__Material for this task__
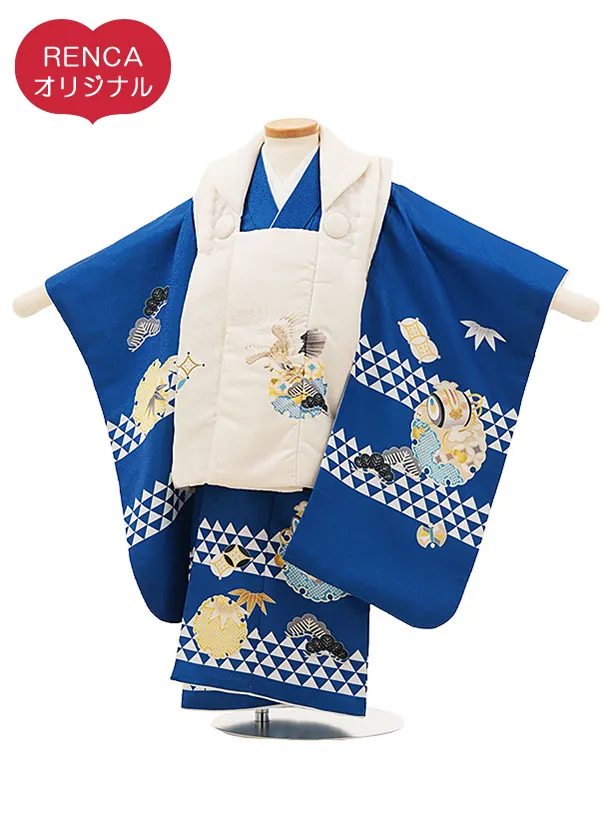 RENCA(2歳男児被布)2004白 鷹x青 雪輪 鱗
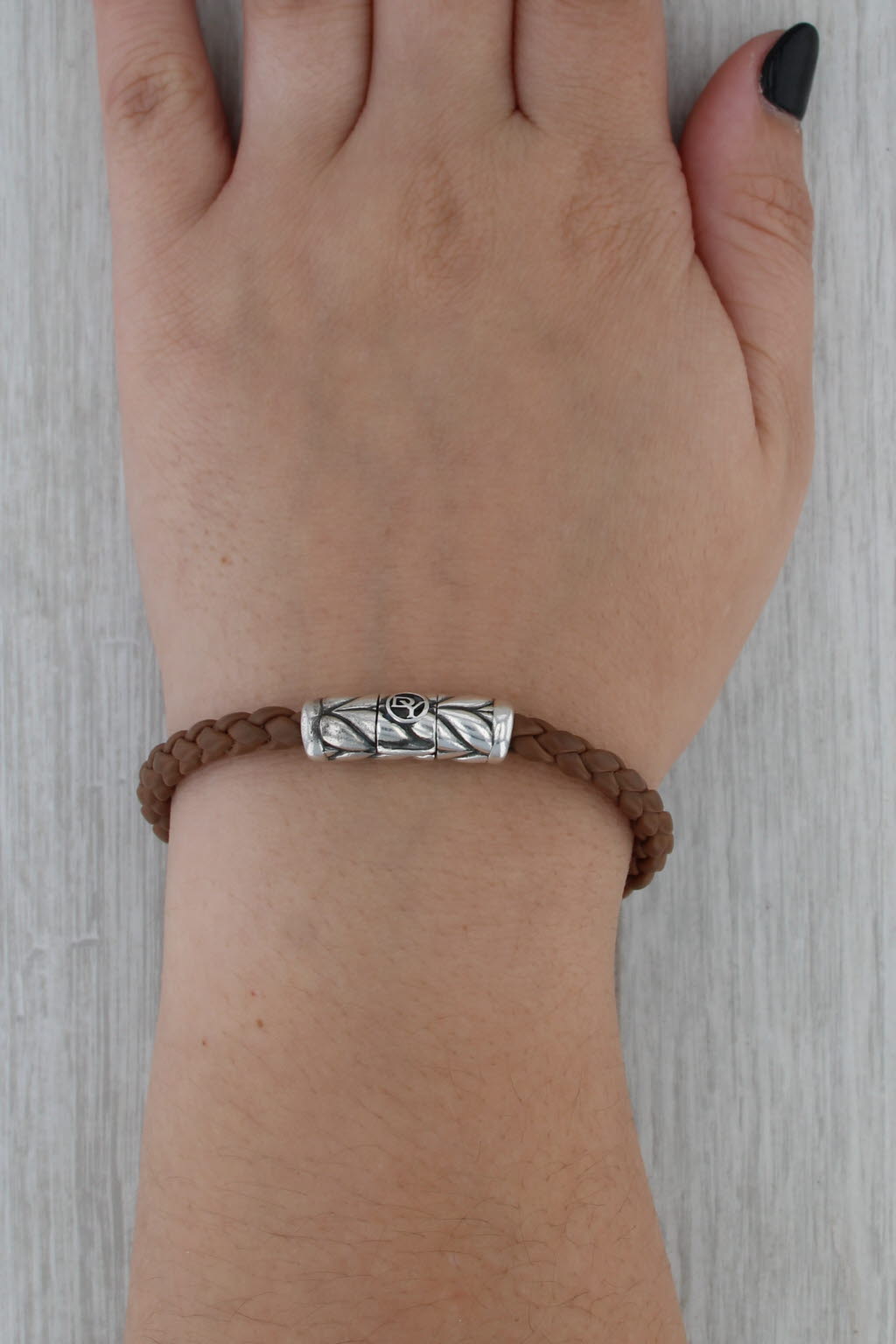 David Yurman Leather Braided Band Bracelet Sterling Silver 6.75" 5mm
...
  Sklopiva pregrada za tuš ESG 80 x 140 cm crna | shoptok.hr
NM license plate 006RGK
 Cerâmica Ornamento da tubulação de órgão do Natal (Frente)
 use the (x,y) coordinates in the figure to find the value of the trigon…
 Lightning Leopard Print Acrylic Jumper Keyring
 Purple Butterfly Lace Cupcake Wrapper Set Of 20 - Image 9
* * *
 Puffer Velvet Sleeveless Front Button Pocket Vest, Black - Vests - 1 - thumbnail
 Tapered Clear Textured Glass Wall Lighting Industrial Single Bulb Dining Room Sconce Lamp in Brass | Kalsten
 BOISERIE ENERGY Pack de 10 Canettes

__Directions__
Your task for the entries above: copy exactly the span starting with the line with "Cerâmica Ornamento da" and going on through the line with "Purple Butterfly Lace", both lines included, and nothing else.

__Solution for this problem__
 Cerâmica Ornamento da tubulação de órgão do Natal (Frente)
 use the (x,y) coordinates in the figure to find the value of the trigon…
 Lightning Leopard Print Acrylic Jumper Keyring
 Purple Butterfly Lace Cupcake Wrapper Set Of 20 - Image 9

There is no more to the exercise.